→ GIVEN ENTRIES
_ _ _ _ _

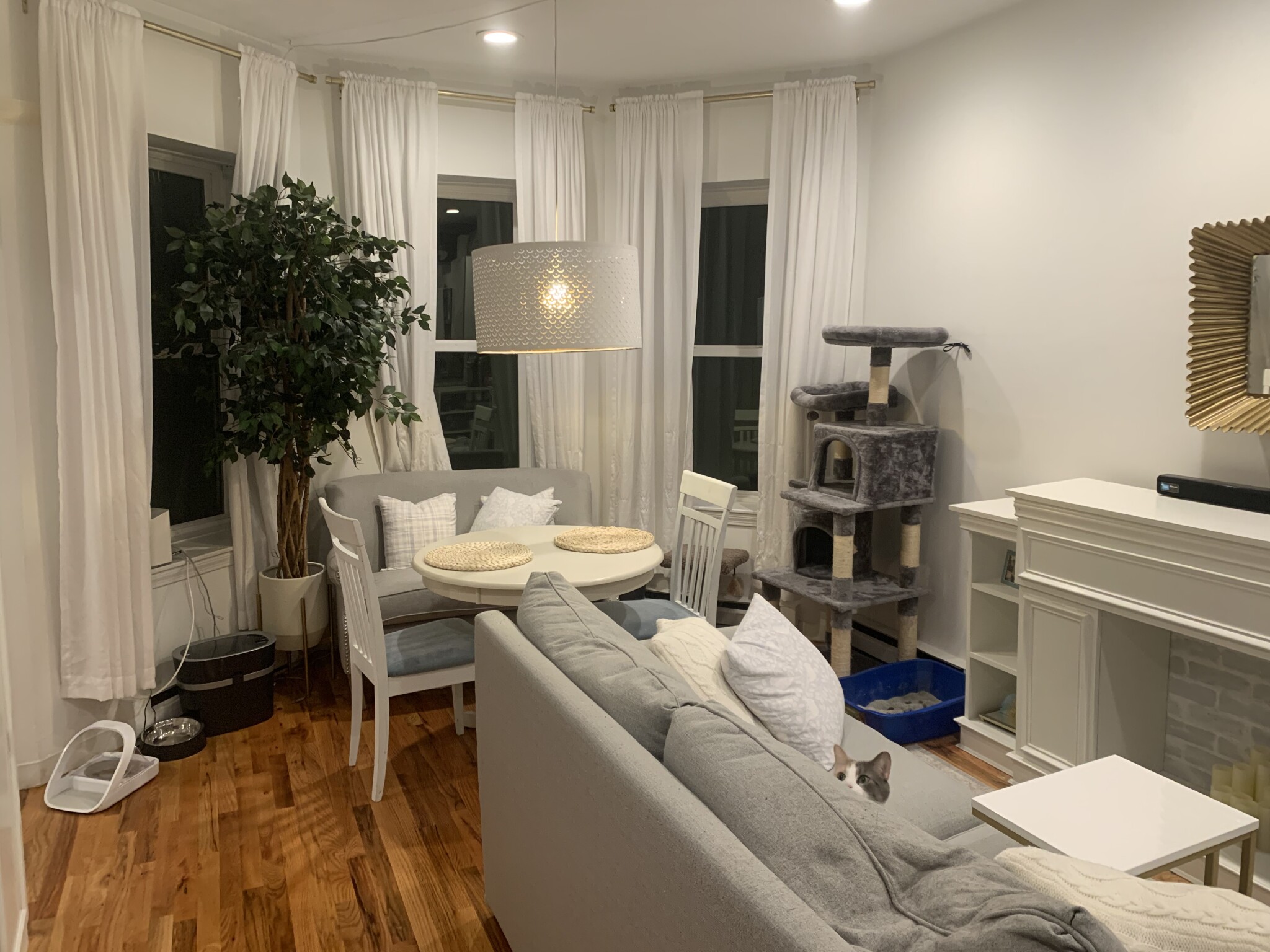 57 Westland Ave, Fenway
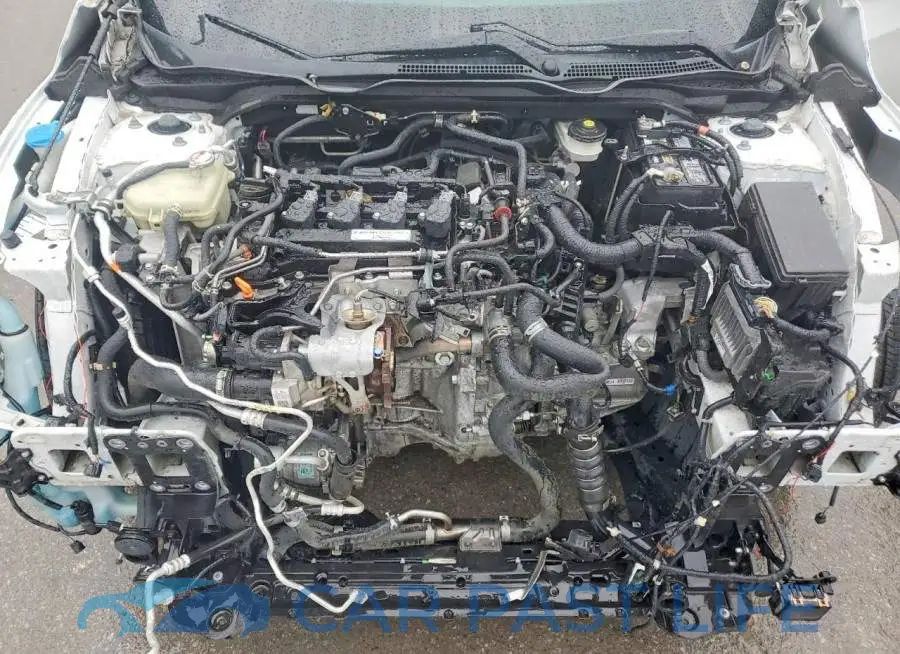 2HGFC1E56LH704894# 10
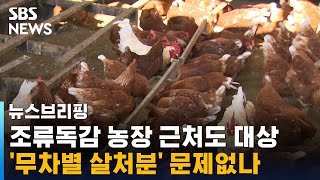 조류독감 '무차별 살처분', 문제없나 / SBS / 주영진의 뉴스브리핑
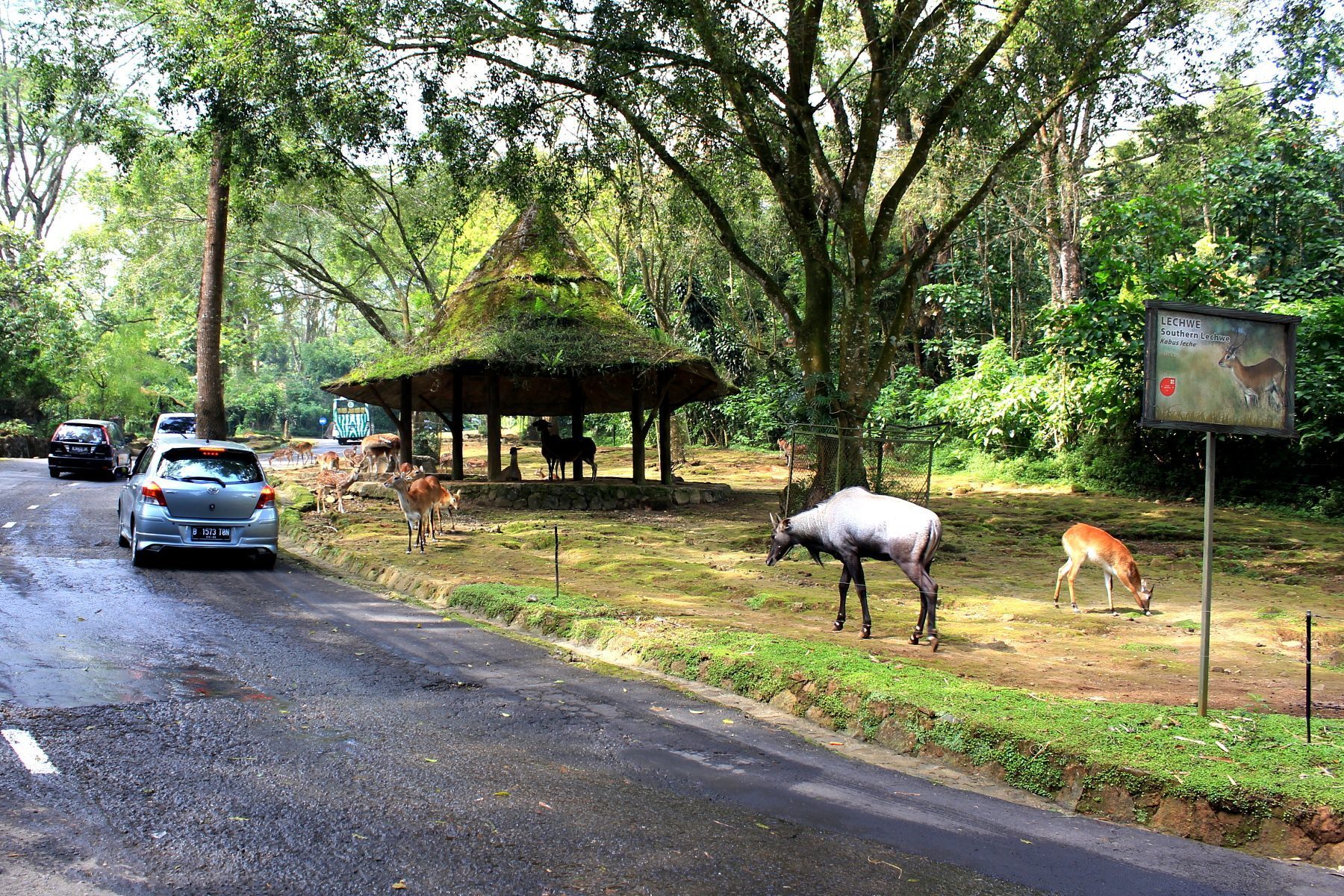 Taman Safari Indonesia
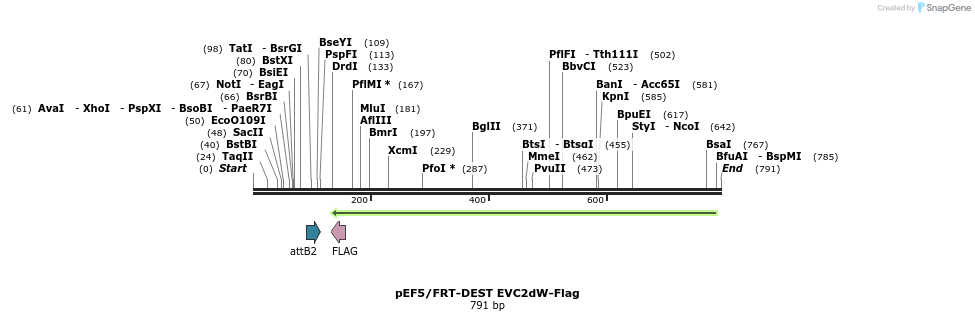 55631_map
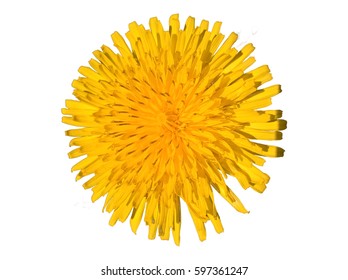 Dandelion (Taraxacum Officinale) Isolated. Yellow flower isolated. White background.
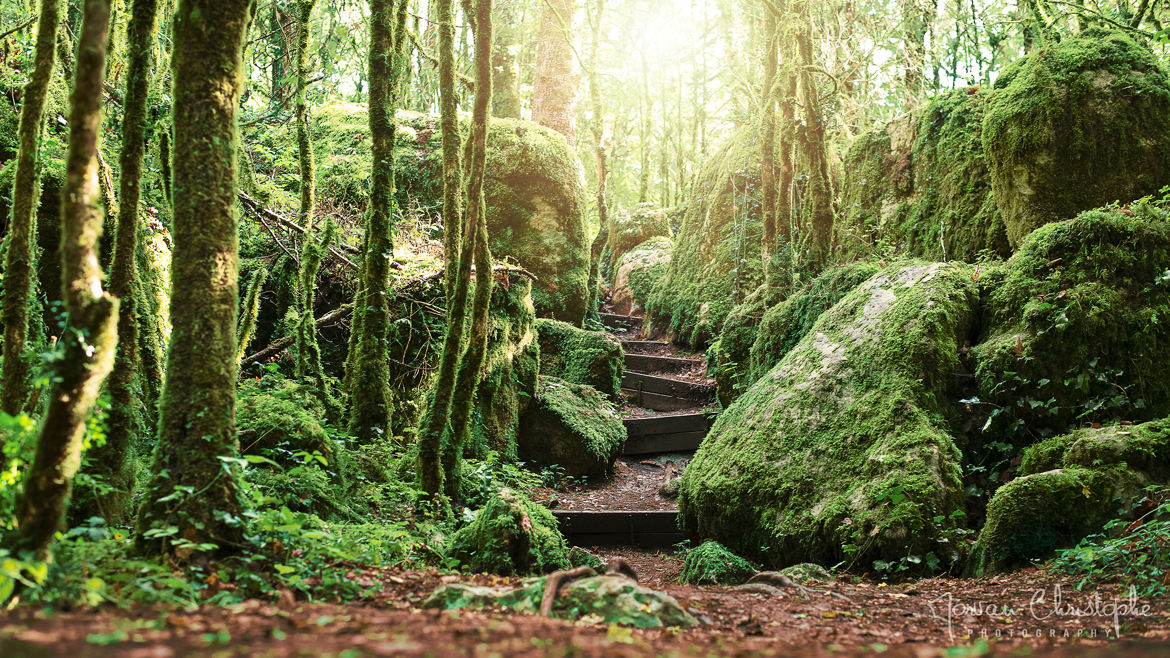 Le Labyrinthe Vert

_ _ _ _ _

What belongs in the answer is each line above, reproduced exactly, and no picture.

→ YOUR RESPONSE
 57 Westland Ave, Fenway
 2HGFC1E56LH704894# 10
 조류독감 '무차별 살처분', 문제없나 / SBS / 주영진의 뉴스브리핑
 Taman Safari Indonesia
 55631_map
 Dandelion (Taraxacum Officinale) Isolated. Yellow flower isolated. White background.
 Le Labyrinthe Vert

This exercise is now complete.